**RAW DATA**
###
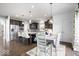 Spacious kitchen features stainless steel appliances, pendant lighting, and a large island with seating at 10155 Pepper Tree Ln, Noblesville, IN 46060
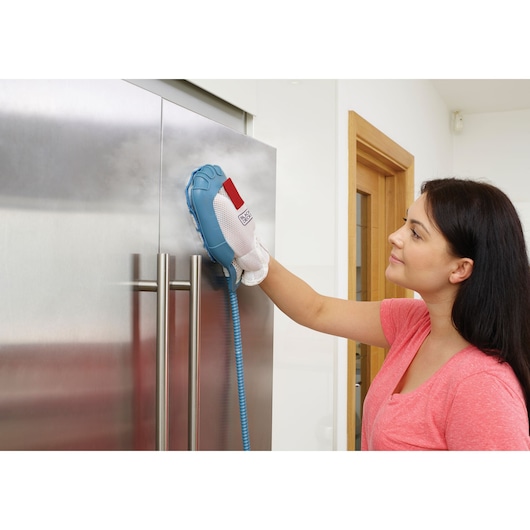 BLACK+DECKER FSMH13151SM steam cleaning mitt in use, cleaning stainless steel fridge door in modern kitchen.
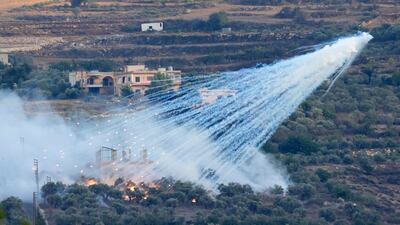 An Israeli shell that appears to contain white phosphorus explodes over a house in Al Bustan, a Lebanese village along the border with Israel, on October 15. AP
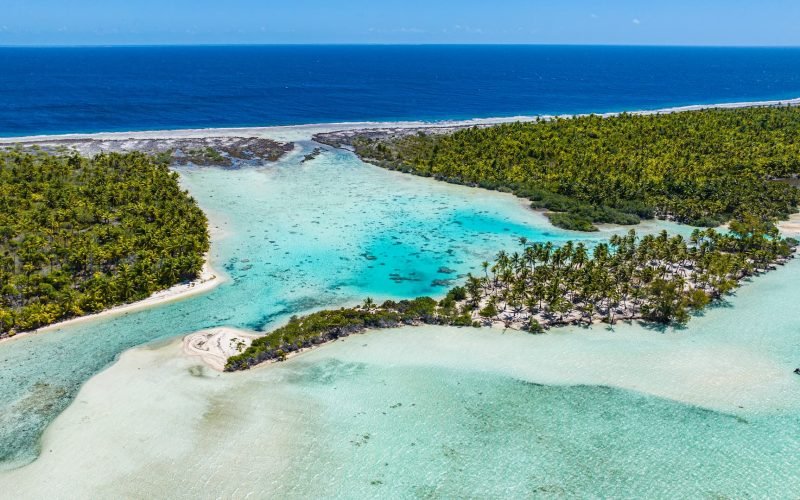 vue aérienne de motus parsemés de cocotiers à Fakarava, avec la barrière de corail faisant frontière entre l'océan et le lagon turquoise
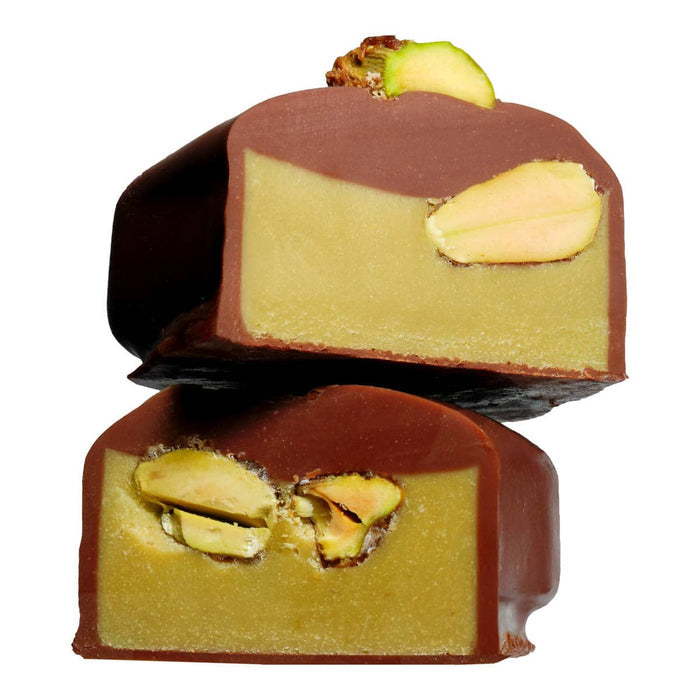 Two chocolate-covered treats with pistachios on a white background.
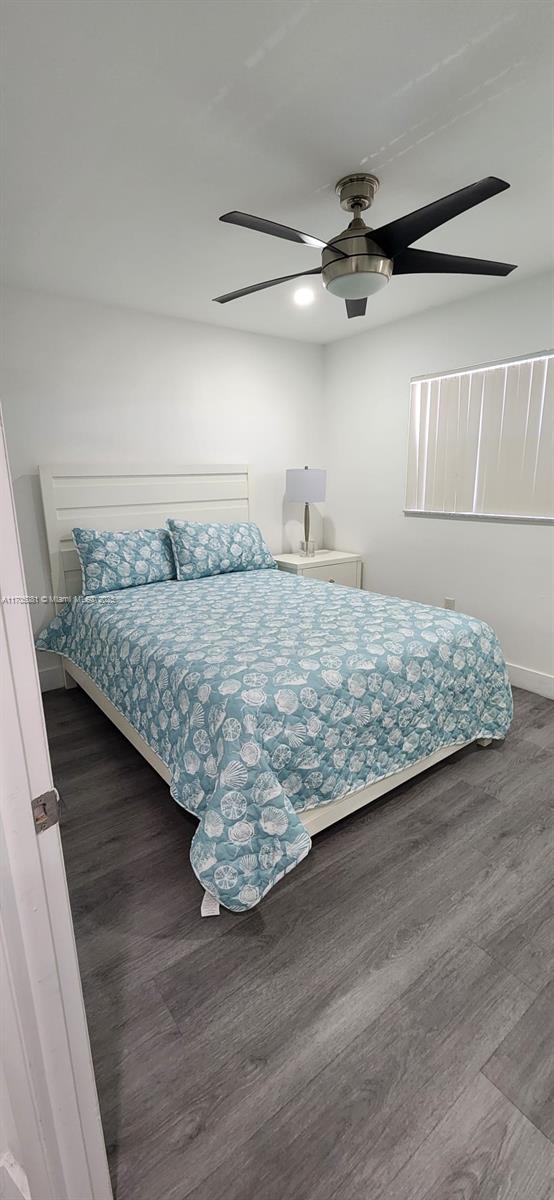 bedroom with dark hardwood / wood-style flooring and ceiling fan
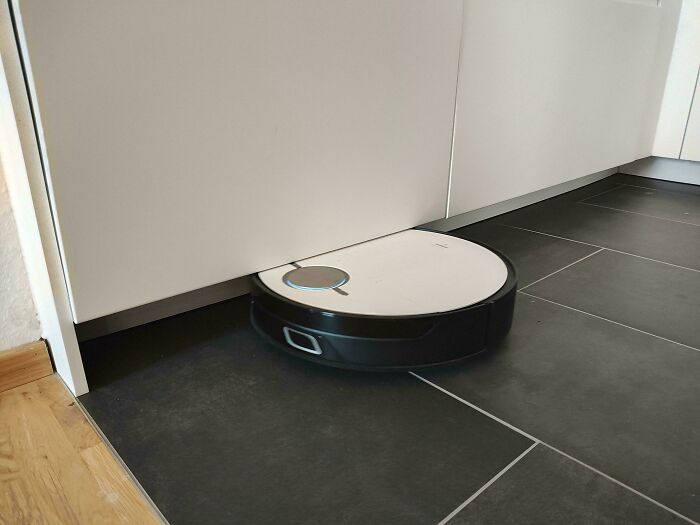 A robot vacuum fitting perfectly under a cabinet on a tiled floor.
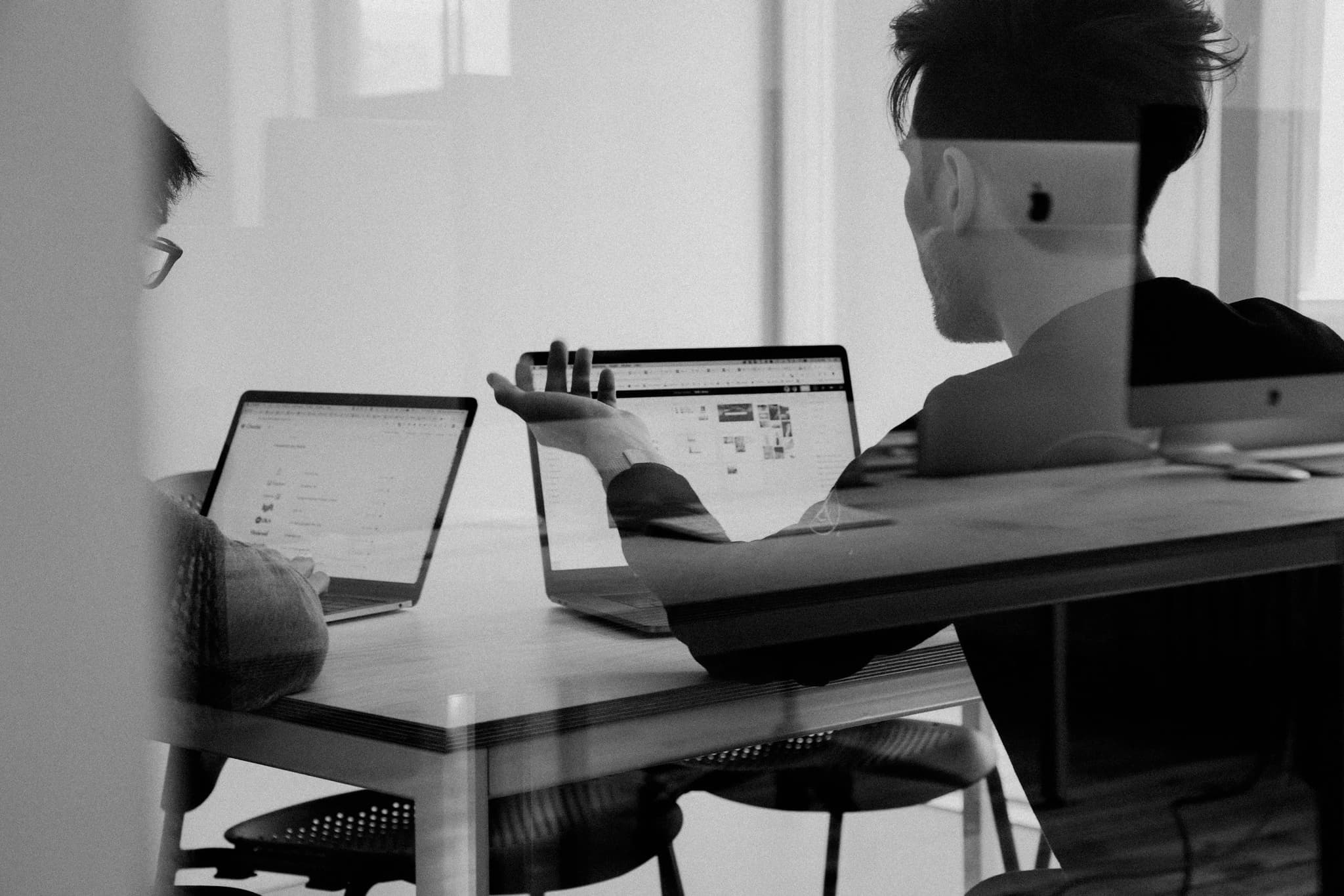 Two colleagues reviewing work together on laptops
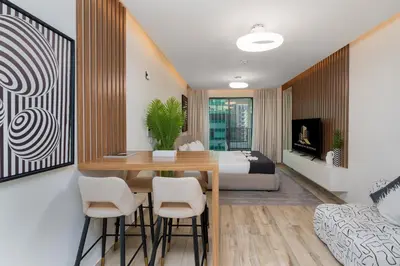 a living room with a dining room table and a bed at Urban Studio - Business Bay in Dubai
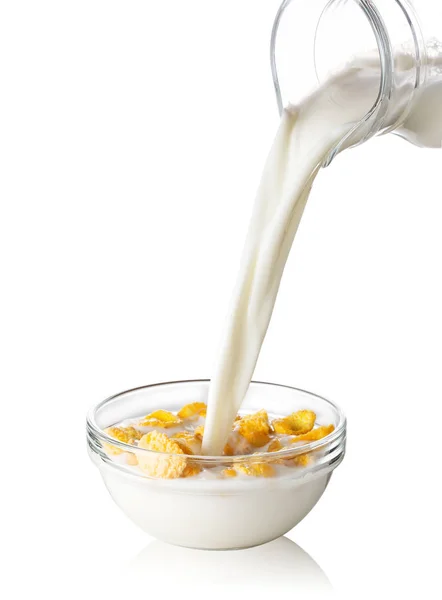 Corn flakes s tekoucí mléko — Stock fotografie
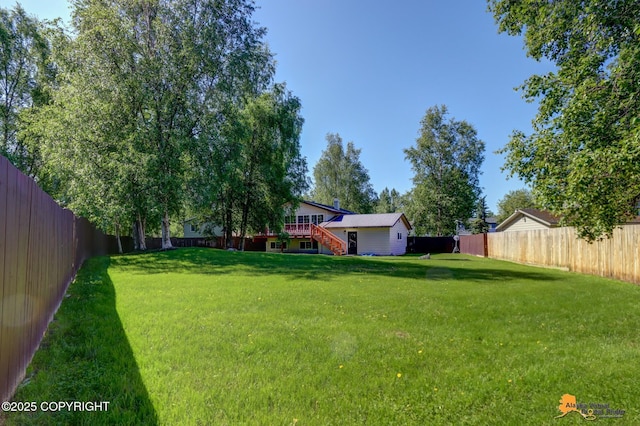 2309 Success Dr, Anchorage, AK 99504 - fenced backyard with stairs and a wooden deck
###
**WHAT IS EXPECTED**
Please copy the lines exactly, beginning at the one containing "bedroom with dark" and ending at the last line of the records above, both included, with the pictures left out.

**TASK RESULT**
 bedroom with dark hardwood / wood-style flooring and ceiling fan
 A robot vacuum fitting perfectly under a cabinet on a tiled floor.
 Two colleagues reviewing work together on laptops
 a living room with a dining room table and a bed at Urban Studio - Business Bay in Dubai
 Corn flakes s tekoucí mléko — Stock fotografie
 2309 Success Dr, Anchorage, AK 99504 - fenced backyard with stairs and a wooden deck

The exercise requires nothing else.